Data to examine:
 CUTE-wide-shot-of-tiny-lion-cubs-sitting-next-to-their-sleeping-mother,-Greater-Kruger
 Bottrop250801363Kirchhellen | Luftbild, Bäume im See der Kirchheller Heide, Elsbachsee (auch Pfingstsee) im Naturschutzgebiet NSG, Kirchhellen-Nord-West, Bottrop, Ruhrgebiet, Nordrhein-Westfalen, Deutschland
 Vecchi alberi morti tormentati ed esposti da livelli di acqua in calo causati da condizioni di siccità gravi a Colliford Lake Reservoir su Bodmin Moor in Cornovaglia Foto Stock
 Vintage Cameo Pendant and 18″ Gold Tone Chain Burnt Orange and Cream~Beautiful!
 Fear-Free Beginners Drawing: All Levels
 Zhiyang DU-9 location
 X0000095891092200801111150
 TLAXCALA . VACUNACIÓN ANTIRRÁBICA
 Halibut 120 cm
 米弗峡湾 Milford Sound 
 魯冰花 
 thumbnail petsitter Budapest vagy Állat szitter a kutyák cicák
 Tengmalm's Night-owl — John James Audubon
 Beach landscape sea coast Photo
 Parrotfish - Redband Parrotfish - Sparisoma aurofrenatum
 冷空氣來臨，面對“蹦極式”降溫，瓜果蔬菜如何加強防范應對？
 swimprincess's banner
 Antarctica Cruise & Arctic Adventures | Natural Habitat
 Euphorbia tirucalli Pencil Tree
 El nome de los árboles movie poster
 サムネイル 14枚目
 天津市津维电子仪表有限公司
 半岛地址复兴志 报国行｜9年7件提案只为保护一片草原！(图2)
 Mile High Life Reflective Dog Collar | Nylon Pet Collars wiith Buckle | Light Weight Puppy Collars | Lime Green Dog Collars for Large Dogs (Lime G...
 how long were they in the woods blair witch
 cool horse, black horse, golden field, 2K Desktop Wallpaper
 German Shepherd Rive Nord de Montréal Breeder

Exercise objective: Working through the records, find each line containing the word "Nord" and copy it.

Written reply:
 Bottrop250801363Kirchhellen | Luftbild, Bäume im See der Kirchheller Heide, Elsbachsee (auch Pfingstsee) im Naturschutzgebiet NSG, Kirchhellen-Nord-West, Bottrop, Ruhrgebiet, Nordrhein-Westfalen, Deutschland
 German Shepherd Rive Nord de Montréal Breeder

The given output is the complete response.